Explanation for "saddle" pattern
Submitted by Kathy Maffei on Thu, 2006-03-23 14:30
If you'll recall, we had a discussion yesterday in class about the "saddle" pattern seen in testing a range of input values (x & y each from 0 to 1) for the xor problem. There was some question as to why the saddle always ran like "/" rather than "\" Basically, the center range of x & y insisted on returning high values, even when Doug added training data for (0.5,0.5) to return 0. My intuition was that it had something to do with the calculations involved in adjusting the network's weights during back-propagation. Math isn't my forte (unfortunately, for a comp sci major!), but I'm pretty sure I've confirmed that the backprop algorithm is biased for answers of 1 over 0. Let me know if there's a hole in my logic, here. I've written out a few examples and posted them online in case anyone would like to see them. Basically, for each of 4 examples I compared two cases of error that were the same distance from the goal (desiredOutput) but in opposite directions. Basic logic (at least mine!) would suggest that regardless of which direction (positive or negative) you are from the goal, you would want to adjust the same amount (negative or positive) for comparable distances away. But, in all but one case, the weightAdjustment was very different for a negative error than for a positive error of the same absolute value (distance from the desiredOutput).
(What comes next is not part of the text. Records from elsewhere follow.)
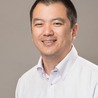 Robert Moy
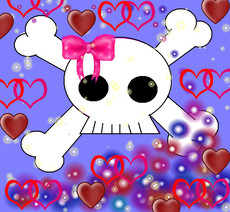 yayabazazia's picture yayabazazia's picture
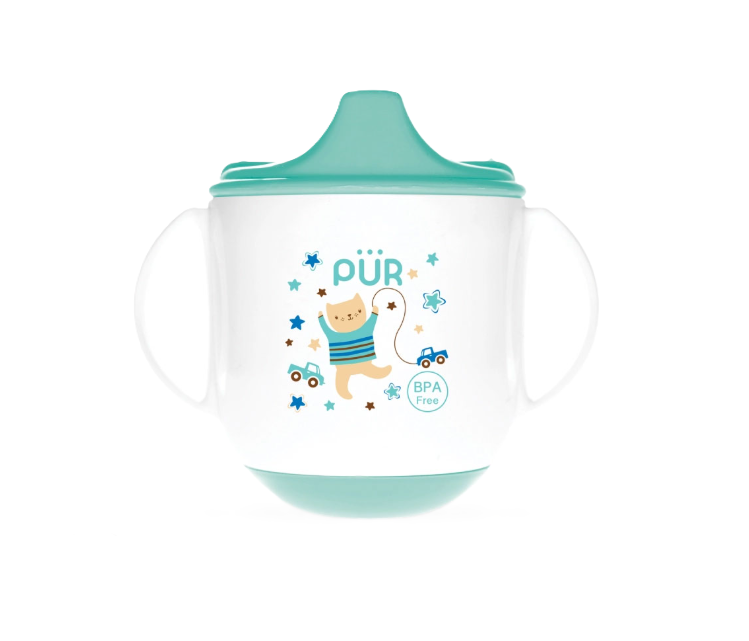 PUR GOBELET REFERENCE 13134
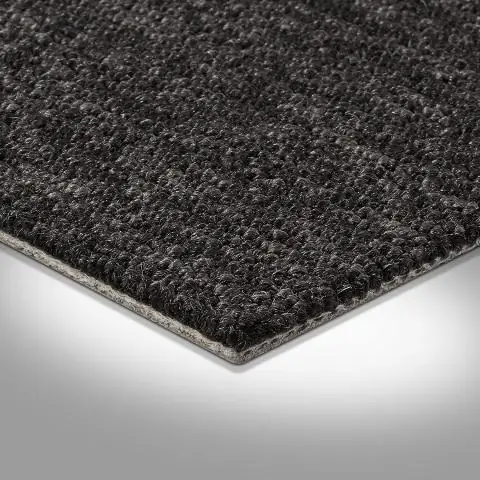 Каков рейтинг огнестойкости утеплителя Rockwool?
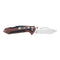 Sanrenmu Multifunctional EDC Folding Tools Stainless Steel Outdoor Camping Survival Glass Hammer Cutter Bottle Opener Screwdriver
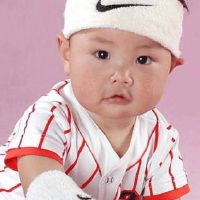 虎年男孩小名叫什么好听 2022霸气潮流的乳名推荐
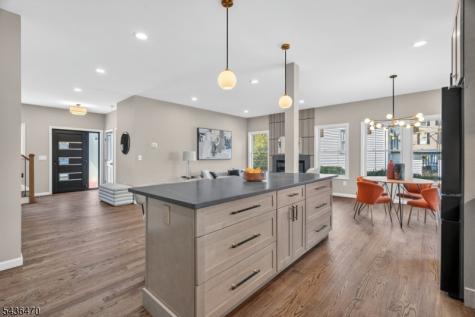 136 Lake Shore Drive Parsippany-troy Hills NJ 07034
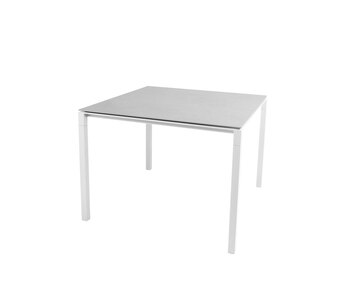 Pure-marbord-100x100_cane-line-5088AW_P088CB_sand_concrete_grey_creamic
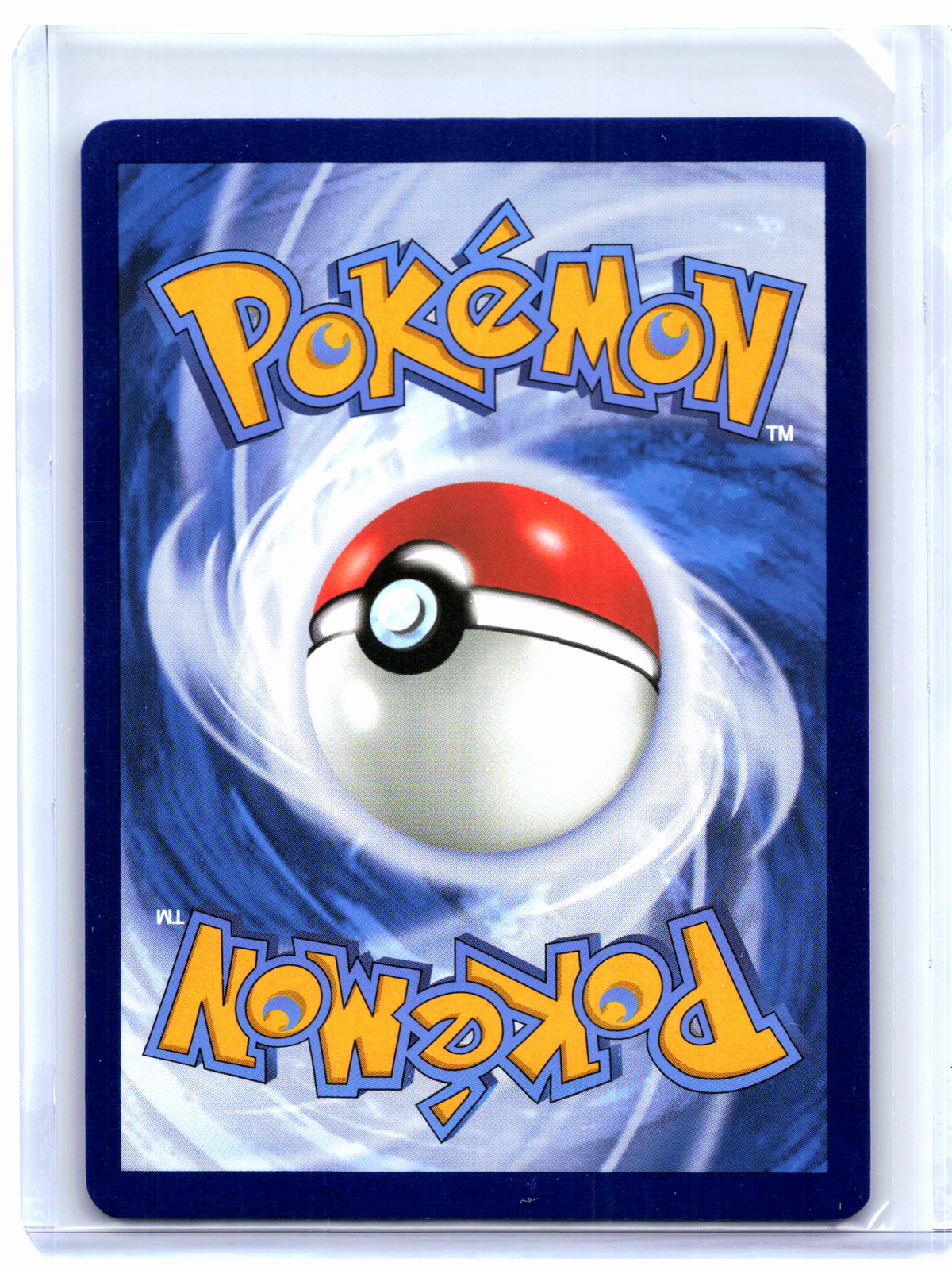 2023 Pokemon—Meowscarada ex #231/193 Paldea Evolved—Ultra Rare Holo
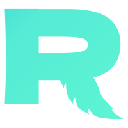 Rowket Market KET логотип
The only case where the weightAdjustments were the same absolute value was Example 2, where the actualOutput was 0.5 for each, and the goals were 1 and 0 - same distance (pos & neg) and same actualOutput. Why? Because for some reason the actualOutput is factored into the final weightAdjustment. This is what causes the bias. I'm sure Doug will be able to explain why the algorithm is configured this way - there must be a good reason. And like I said, maybe there's a hole in my logic. Any thoughts?